(YOUR GOAL): Please repeat, exactly as they stand, the line containing "tiferò Juve in" and the lines after it through the final line of the listing below, minus pictures.

(SOURCE MATERIAL):

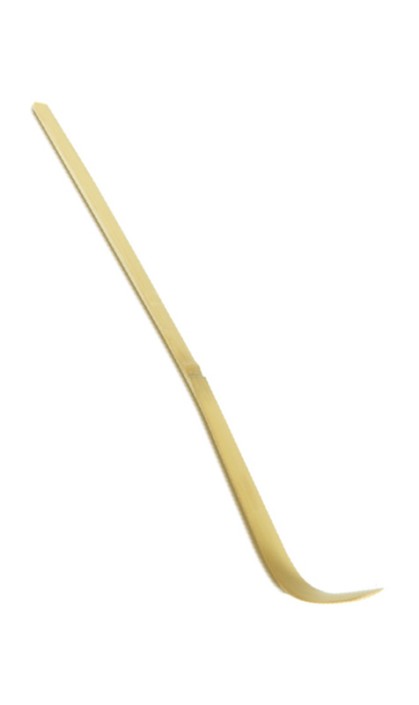 Biotona Bamboo spoon (1 Stuks)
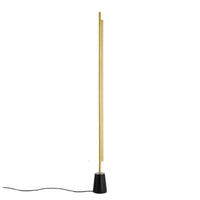 Luceplan Compendium Floor Lamp | All Square Lighting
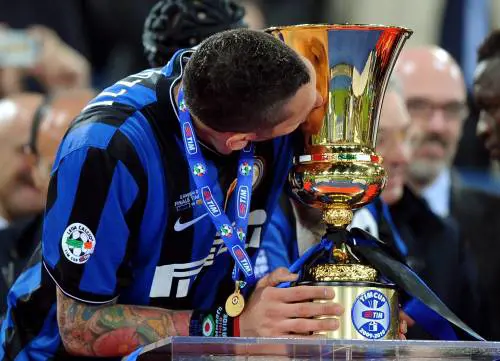 Champions, Marco Materazzi: "Non tiferò Juve in finale"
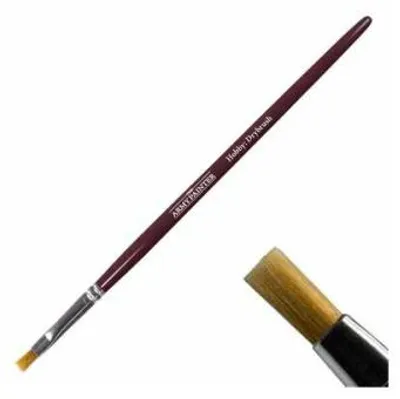 Immagine prodotto di Brush Drybrush (Edizione Tedesca) – Accessorio – Army Painter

(OUTPUT OF THE EXERCISE):
 Champions, Marco Materazzi: "Non tiferò Juve in finale"
 Immagine prodotto di Brush Drybrush (Edizione Tedesca) – Accessorio – Army Painter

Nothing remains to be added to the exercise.